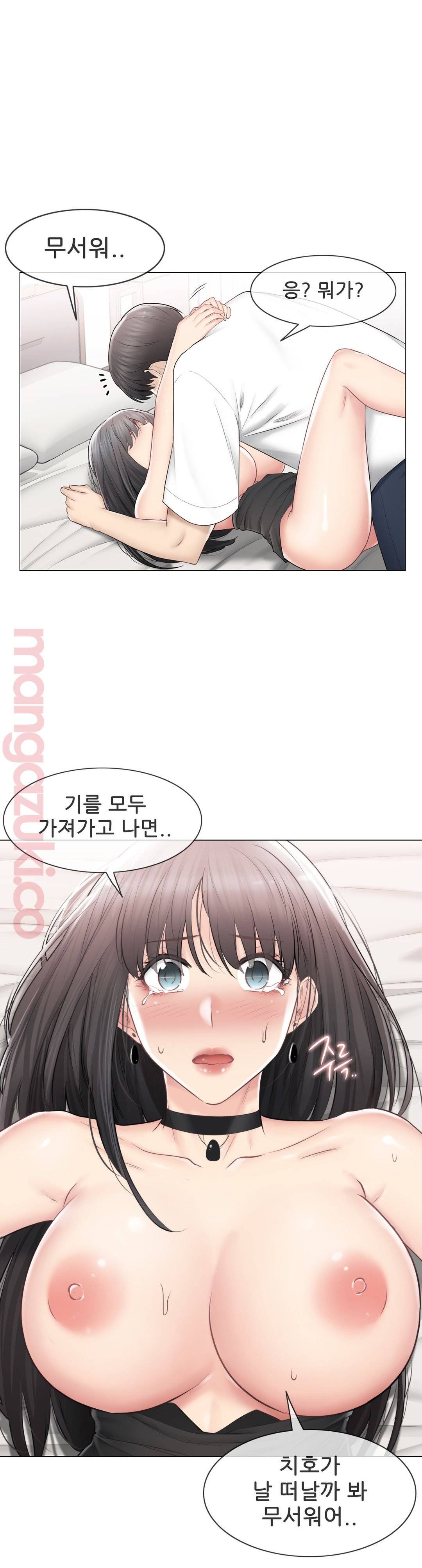 Touch On Raw Chapter 95 Page 25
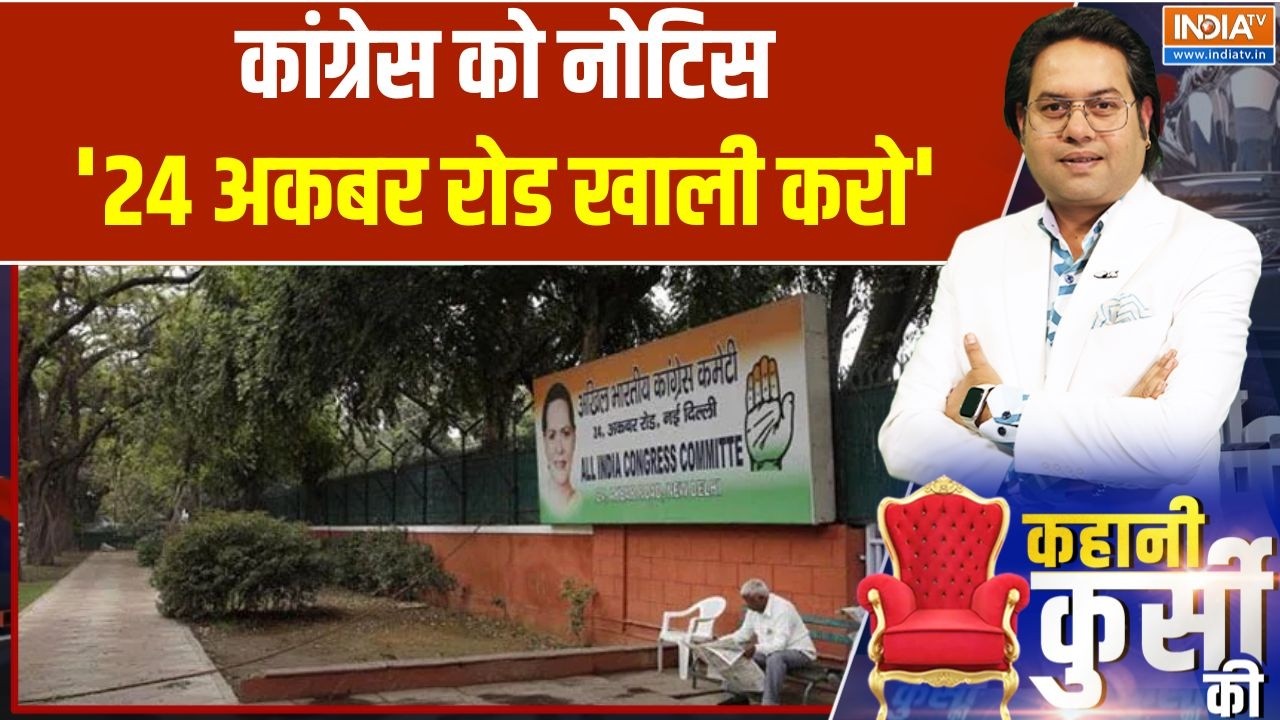 Congress Office vacate notice: कांग्रेस को नोटिस, '24 अकबर रोड खाली करो' | Rahul G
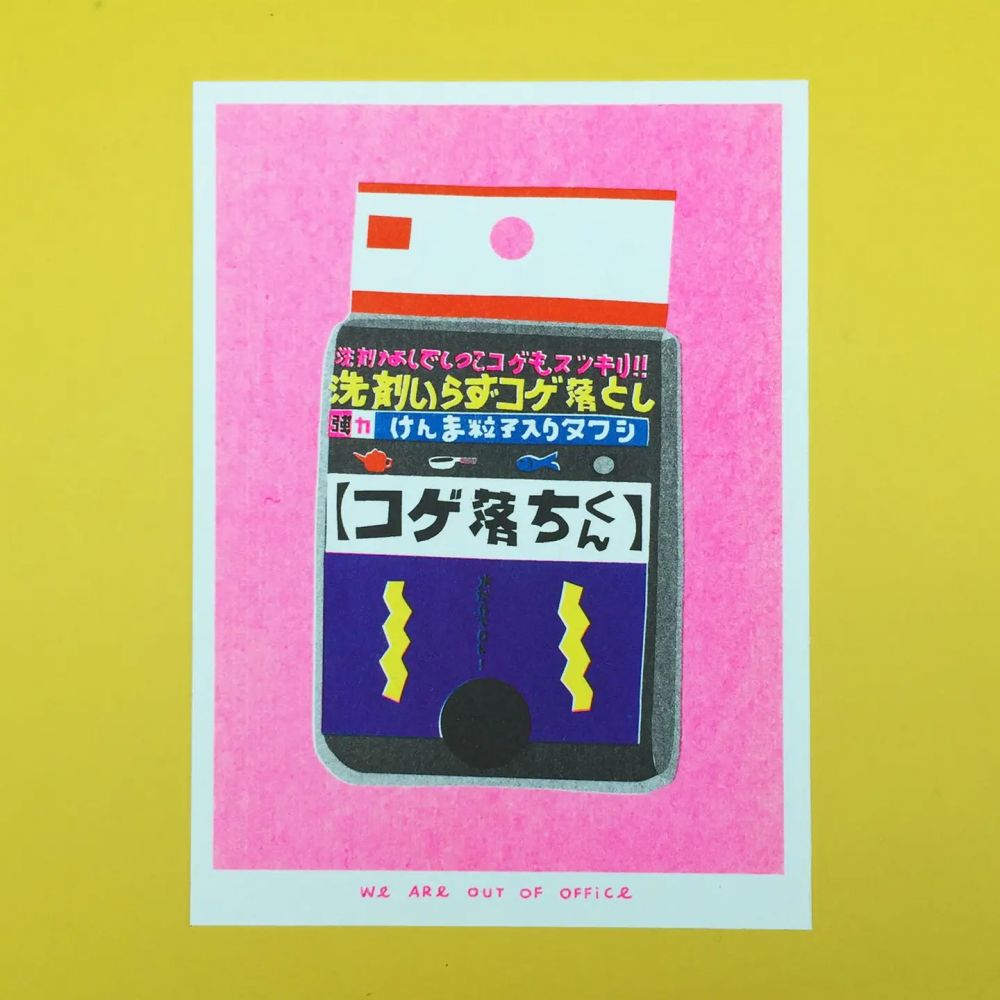 Éponge japonaise - Impression risographique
══════
How to complete this task:
Once the pictures are set aside, output the whole listing exactly.

Task solution:
 Touch On Raw Chapter 95 Page 25
 Congress Office vacate notice: कांग्रेस को नोटिस, '24 अकबर रोड खाली करो' | Rahul G
 Éponge japonaise - Impression risographique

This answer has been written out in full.